The early version of this research was presented as a poster session at the CLA Conference in Vancouver in May 2008. I would like to thank Edwin Perry, Liaison Librarian at the University of Regina, and two anonymous reviewers for their comments and suggestions.

[1] The data was retrieved in April 2008.

[2] The data was retrieved on 18 April 2008.

[3] The Vilaweb data is presented on the web site of the ClickZ Network, which is specialized on providing electronic marketing news, information, commentary, research, and reference services. See <http://www.clickz.com/showPage.html?page=408521>. The original Vilaweb report is no longer available online, however, it is often cited in scholarly literature. The data collected by Vilaweb is very close to the results obtained by OCLC, which conducted the Web Characterization research project in 1998-2002. The goal of the project was to analyze the size and content of the Web based on samples of publicly available resources. (O'Neill, Lavoie and Bennett; OCLC).

[4] This definition is used by UNESCO for collection literacy data around the world. See <http://www.uis.unesco.org/ev.php?ID=5013_201&ID2=DO_TOPIC>.

[5] The data was retrieved in April 2007. SIL International (Summer Institute of Linguistic) is a faith-based organization that studies, documents, and assist in developing of world's lesser-known languages.
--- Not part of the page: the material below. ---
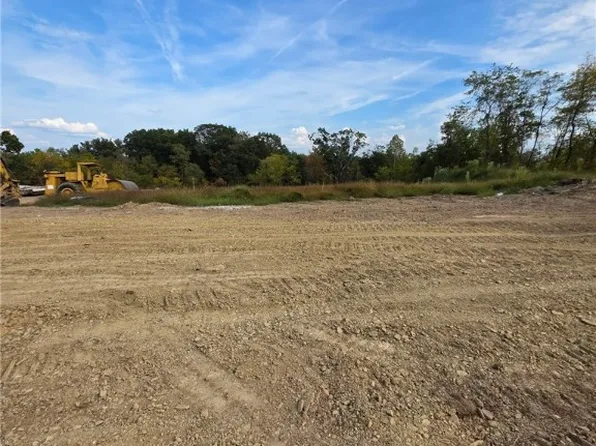 2024 Skyridge Ln, Export, PA 15632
Its premier publication covers more than 6,900 living languages (Gordon and Grimes).

[6] George Weber ranked the top ten most influential languages as follows: English, French, Spanish, Russian, Arabic, Chinese, German, Japanese, Portuguese, Hindi. The results were based on the analysis of six main factors: number of primary speakers, number of secondary speakers, economic power of countries using the language, number of major areas of human activity in which the language is important, number of population of countries using the language, and socio-literary prestige (Weber).